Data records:
------------

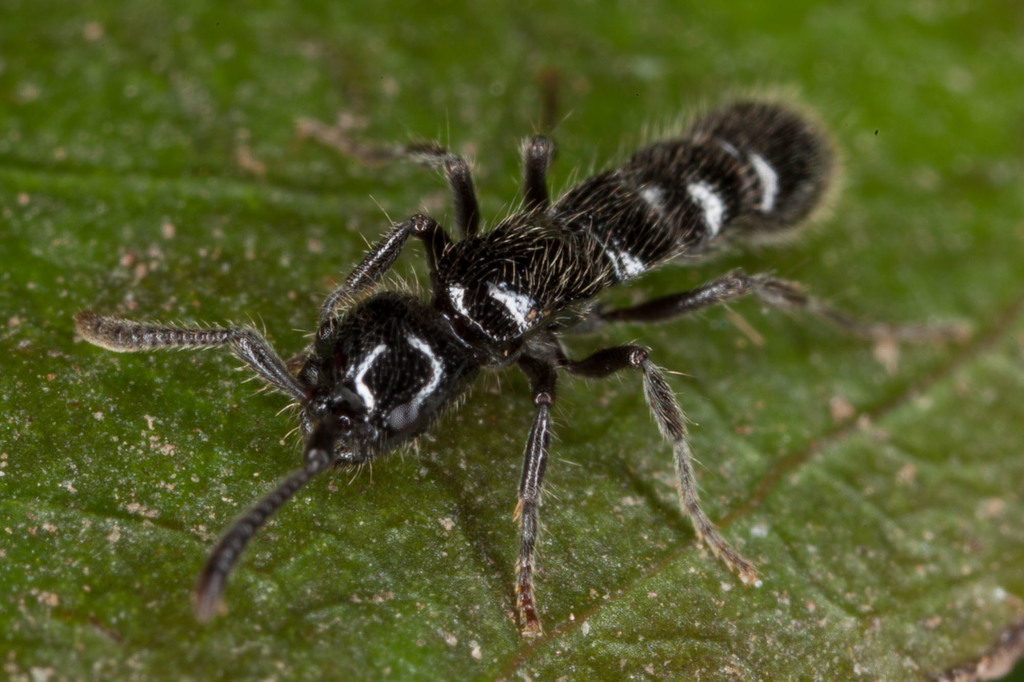 Lioponera cohici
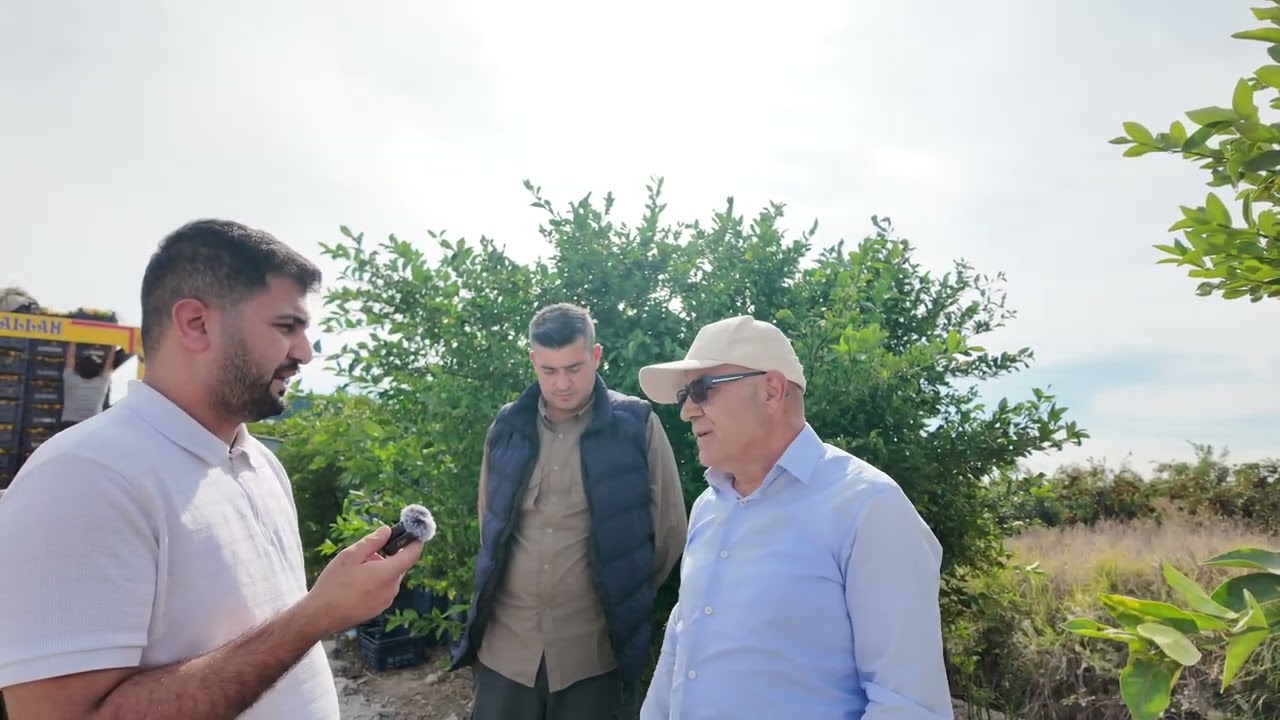 2025 Mandalina Hasadı | Mandalina Nasıl Toplanır? 🍊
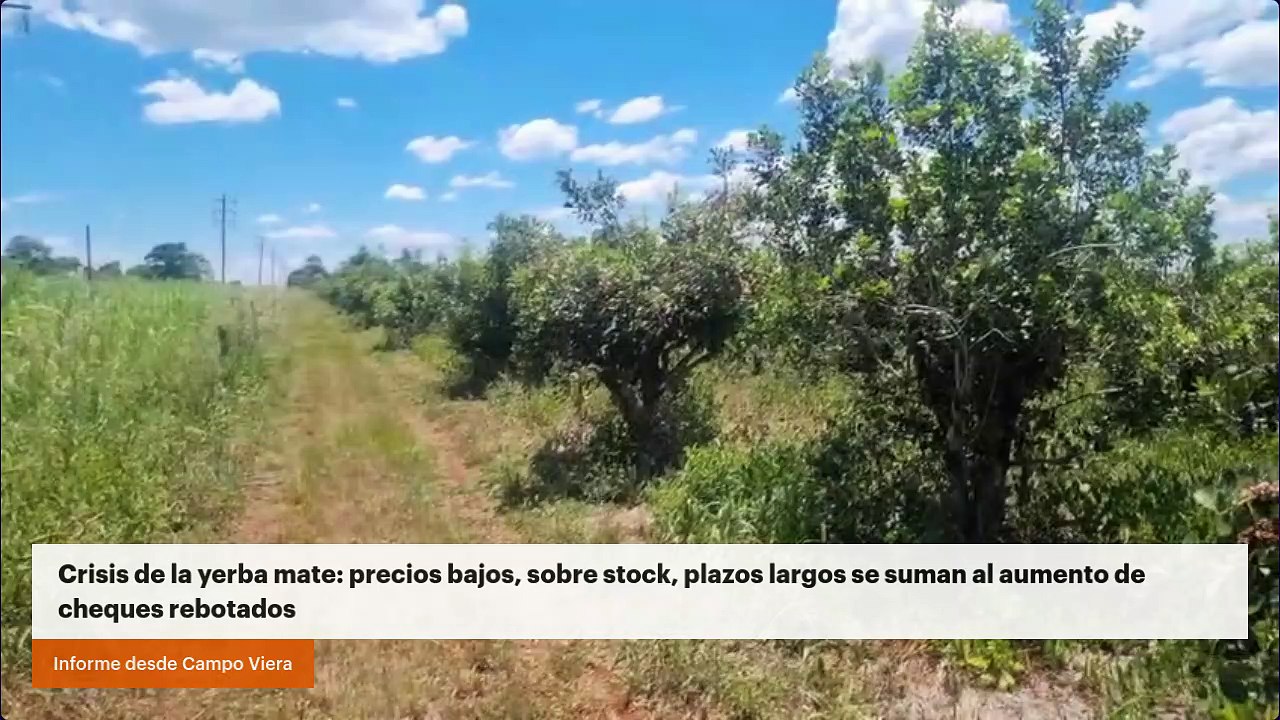 Crisis de la yerba mate: precios bajos, plazos largos se suman al aumento de cheques rebotados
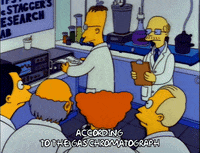 Season 3 Episode 10 GIF by The Simpsons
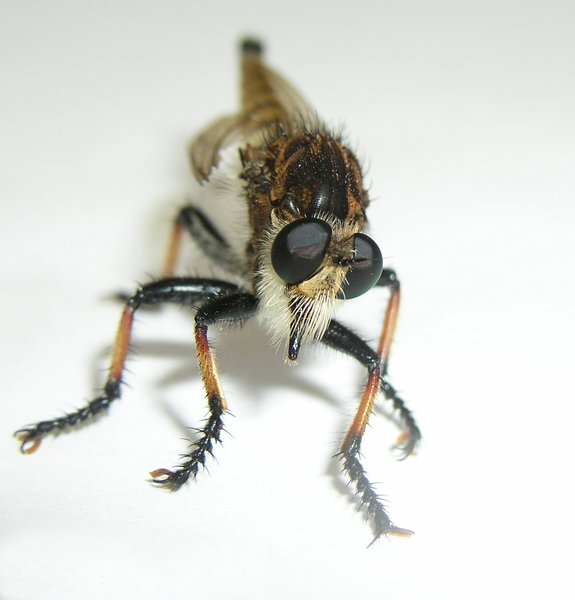 Robber Fly: no idea what this was at the time, but he was neat looking!!! so i had to catch him in a little bowl and then make him pose for me!! not an easy feat when your scared of bugs!!!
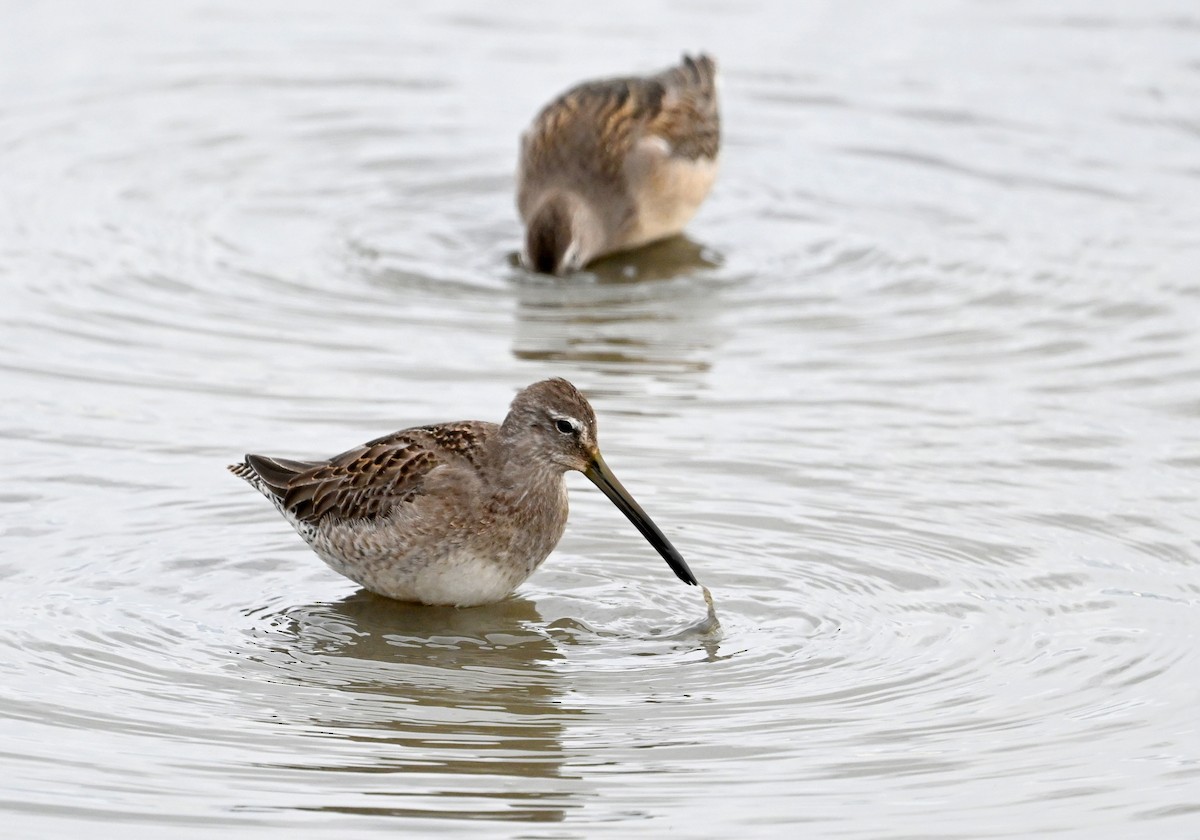 Long-billed Dowitcher - Jeanne Burnham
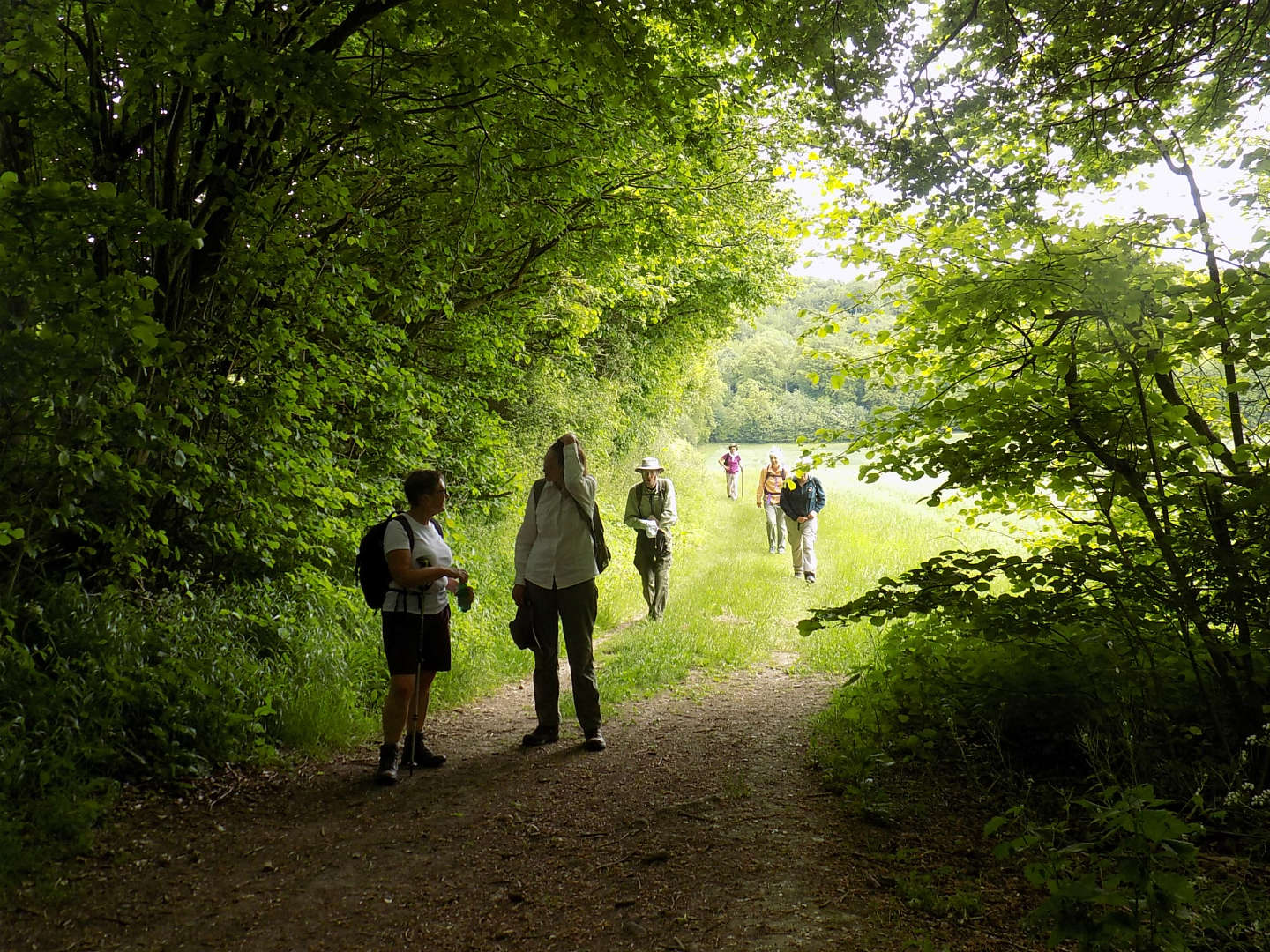 WendoverCS02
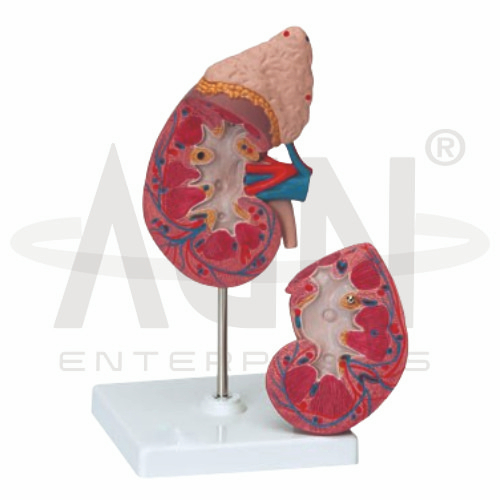 AJKANT Kidney With Adrenal Gland (Model: AJK-BILA-12885)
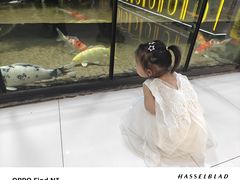 -凯德广场(学府店)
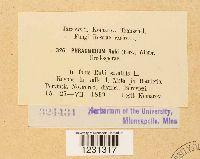thumbnail image of current specimen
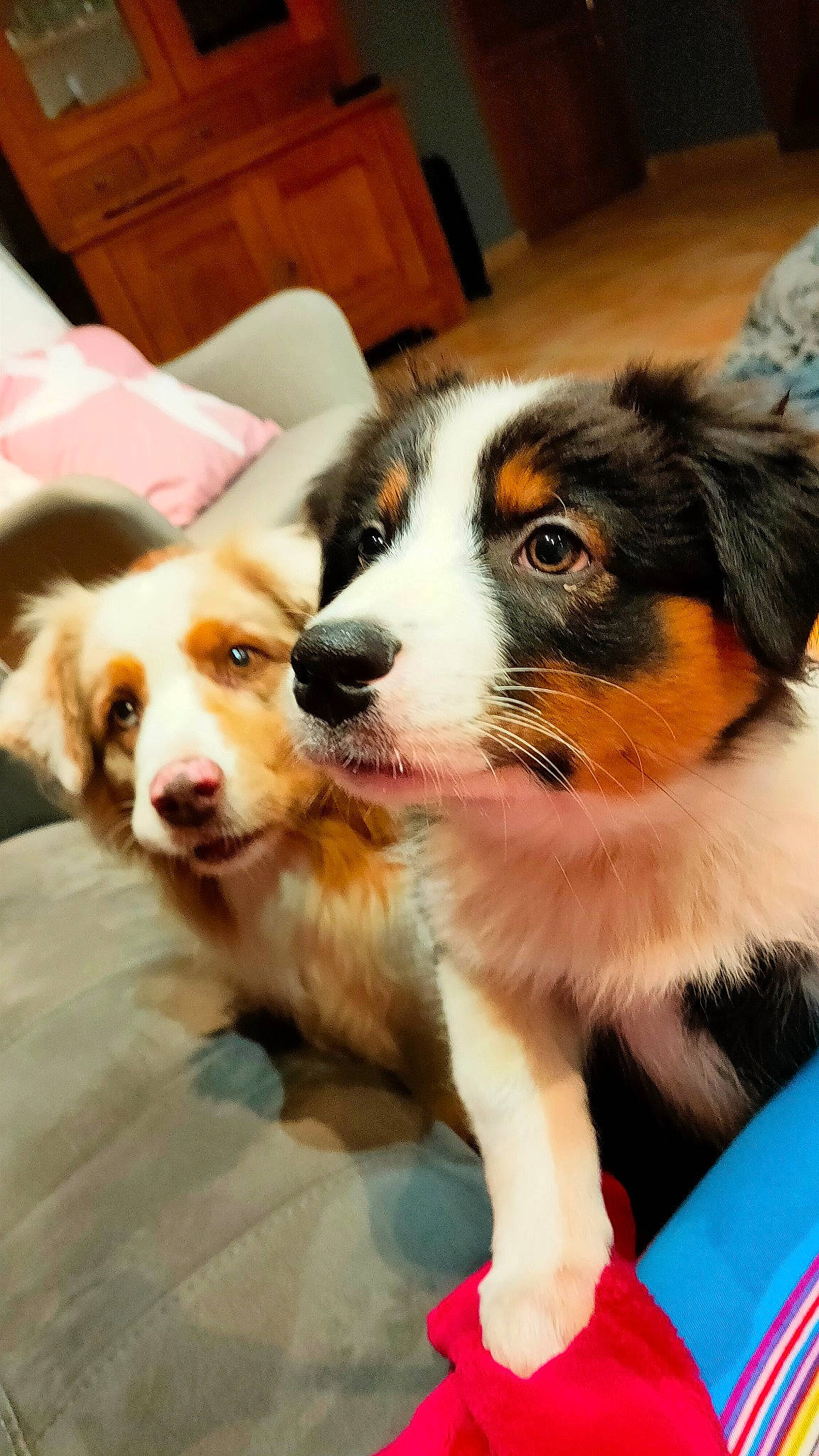 Shanel participe au concours pour gagner de l'argent avec cette photo : ball, bernese_mountain_dog, canidae, carnivore, companion_dog, dog, dog_breed, fur, herding_dog, plant, snout, sporting_group, terrestrial_animal, whiskers, working_animal, working_dog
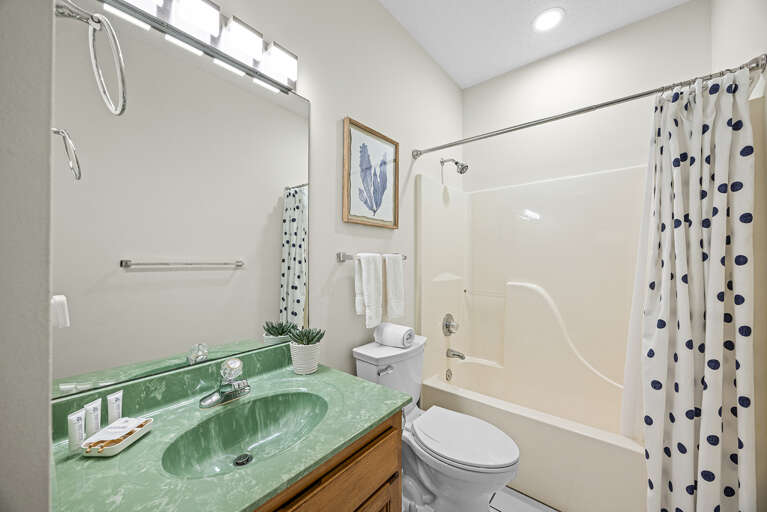 Lily Pad Guest Bathroom 2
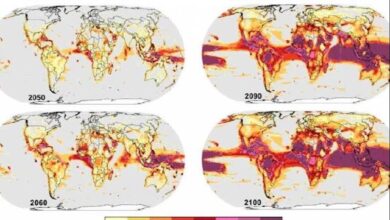 El cambio climático puede desatar pérdidas catastróficas de biodiversidad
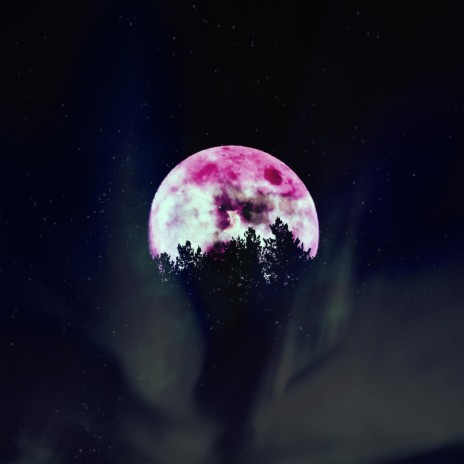 The moon embracing the nights sky cover art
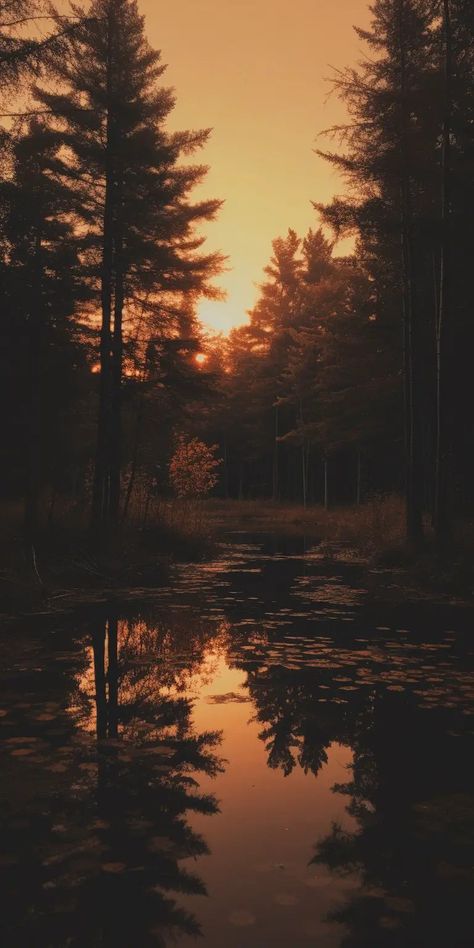 100+ Gorgeous Free Fall Phone Wallpapers - Days Inspired Cozy Nature Wallpaper, Forest In Autumn, Outside Aesthetic Pictures, Natural Asthetic Picture, Fall Photo Aesthetic, Forest Sunset Aesthetic, Cute Nature Backgrounds, Pretty Nature Wallpapers, Eloise Wallpaper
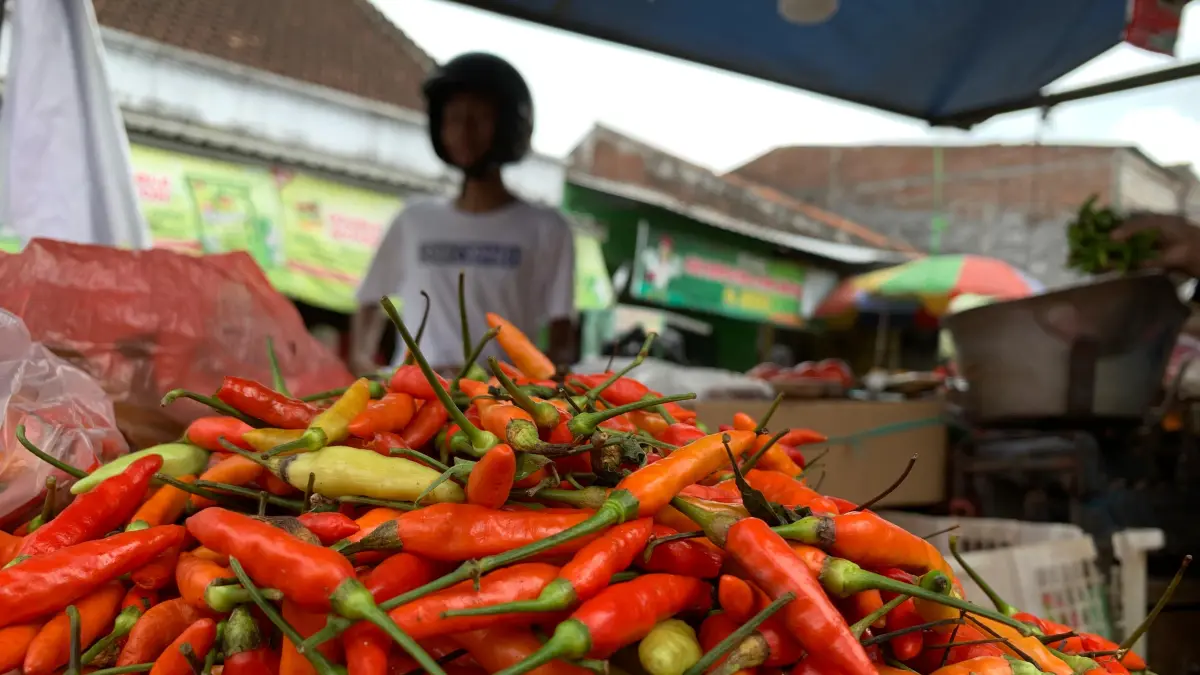 TURUN: Sejumlah komoditas bahan pangan di Lumajang alami penurunan sejak beberapa hari terakhir.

------------

[Work required] Copy back exactly the lines above from the one containing "Season 3 Episode 10 GIF by The Simpsons" through the one containing "thumbnail image of current specimen", and leave every picture behind.

[Your response]
 Season 3 Episode 10 GIF by The Simpsons
 Robber Fly: no idea what this was at the time, but he was neat looking!!! so i had to catch him in a little bowl and then make him pose for me!! not an easy feat when your scared of bugs!!!
 Long-billed Dowitcher - Jeanne Burnham
 WendoverCS02
 AJKANT Kidney With Adrenal Gland (Model: AJK-BILA-12885)
 -凯德广场(学府店)
thumbnail image of current specimen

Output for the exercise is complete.